I am interested to try it soon, My print speeds are near my extruder max, but this will let me increase accels, and possibly make me get a high flow nozzle (and better cooling).
1 Like
jeffeb3
December 21, 2022, 5:24pm
3
I hope you mean prusa slicer, which is forked from slic3r. Unless there are updates to slic3r I don’t know about, most of the improvements have been by the sw team at prusa.
1 Like
I was referencing both, adding the traditional 3 in there to denote the older stale version. I did call prusaslicer simply ‘slicer’, with e not 3, because prepending prusa is so much work hehe.

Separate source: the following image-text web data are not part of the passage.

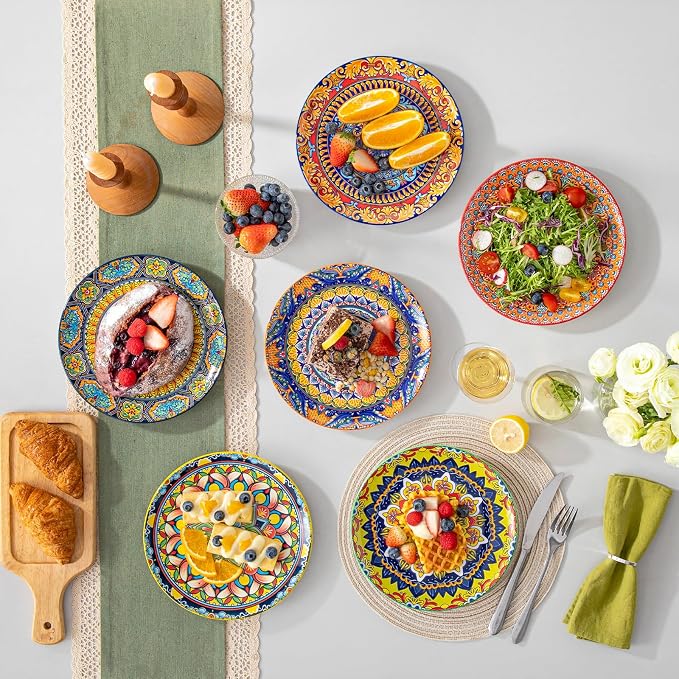 vancasso Colorful Dessert Plates Set of 6, 8.5 Inch Ceramic Salad Plates | Boho Small Dinner Plates, Bohemian Printed Kitchen Plate for Breakfast, Microwave & Dishwasher Safe Dishes, Series KRVI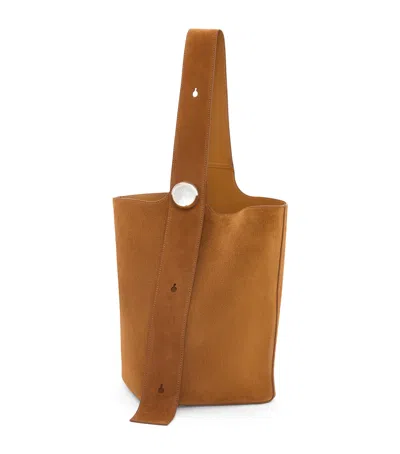 Loewe Large Suede Pebble Bucket Bag In Brown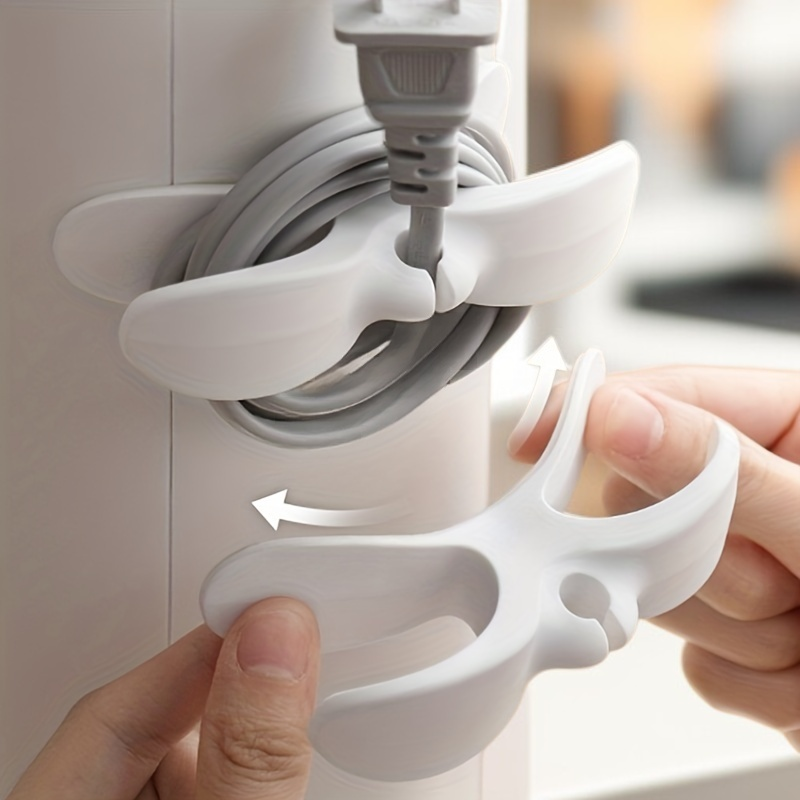  ที่เก็บสายไฟสำหรับเครื่องใช้ในครัว 2 ชิ้น, ที่พันสายไฟพร้อมกาว, ที่จัดเก็บสายไฟ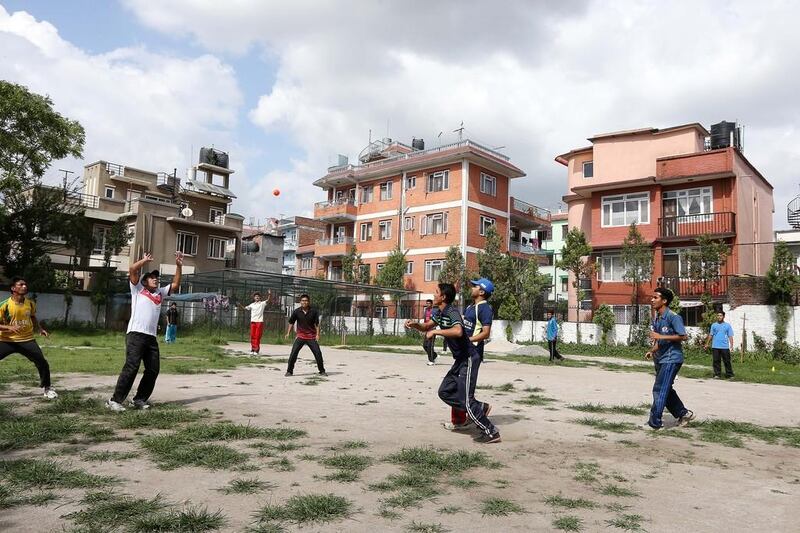 Cricketers shown during a practice session at the Baluwatar Cricket Club in Kathmandu, Nepal. Pawan Singh / The National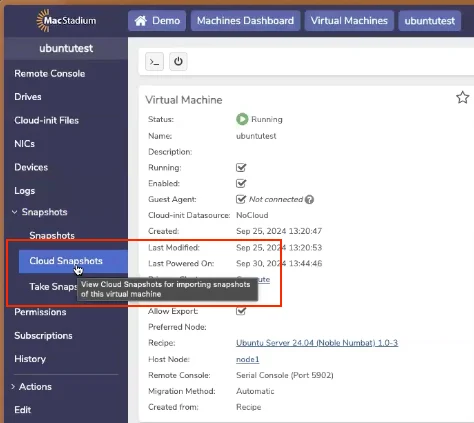 Private Cloud Cloud Snapshots list showing a newly created snapshot entry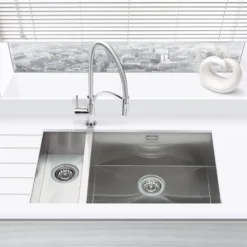 Vellamo Edge 1.5 Bowl Inset/Undermount Brushed Stainless Steel Kitchen Sink & Waste - 740 x 430mm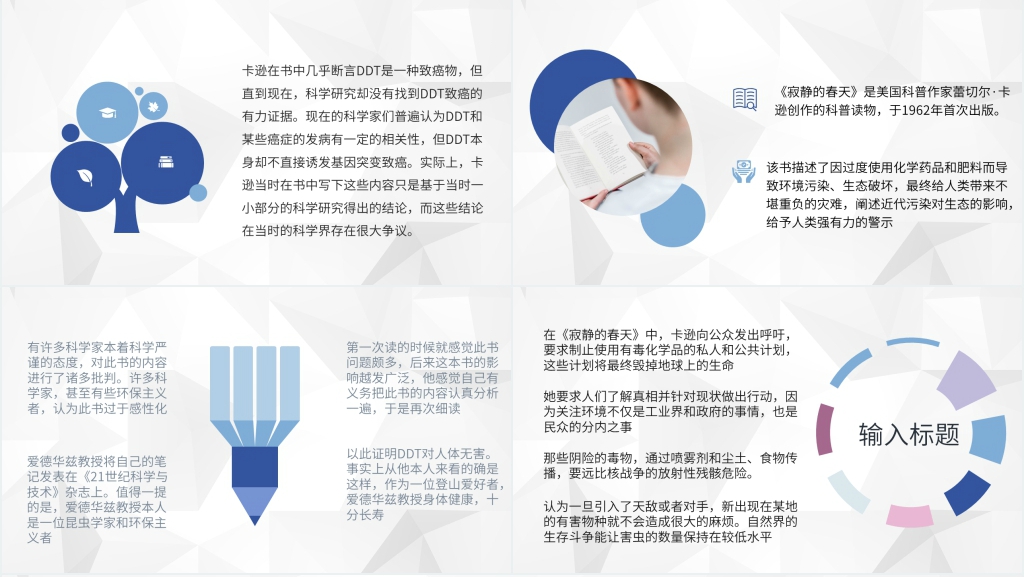 寂静的春天读书分享PPT模板 寂静的春天读书分享PPT模板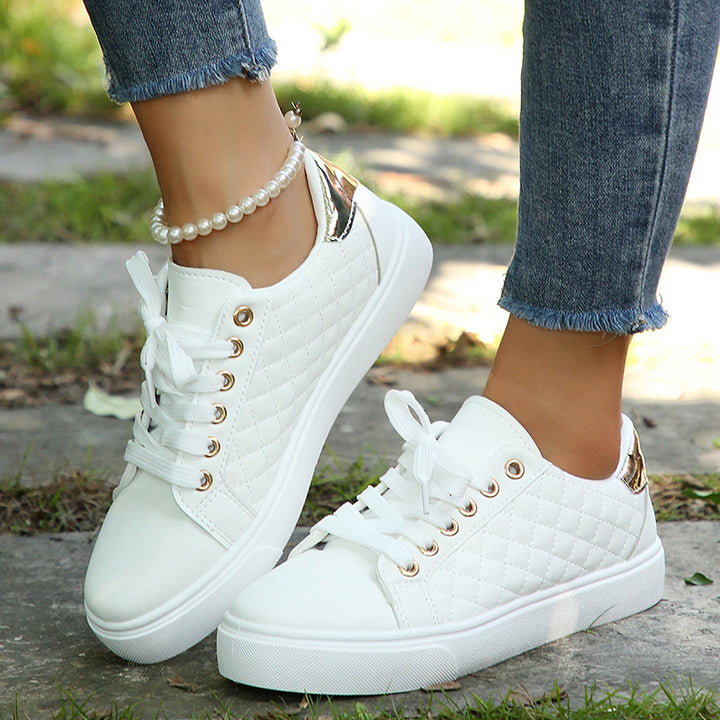 white Women's quilted lace-up platform sneakers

By no means was I attempting to slight or in any way minimize the excellent work that the prusa sw team has done.
On a side note… 2.1.2 may have some bug with max31865 using sw spi on my gtr 1.0 board (using a breakout for a 3-wire pt100). It keeps giving me max temp errors at bootup… and randomly will boot succesfully. Must me some timing issue that was introduced… trying to sort it now. It worked 100% before.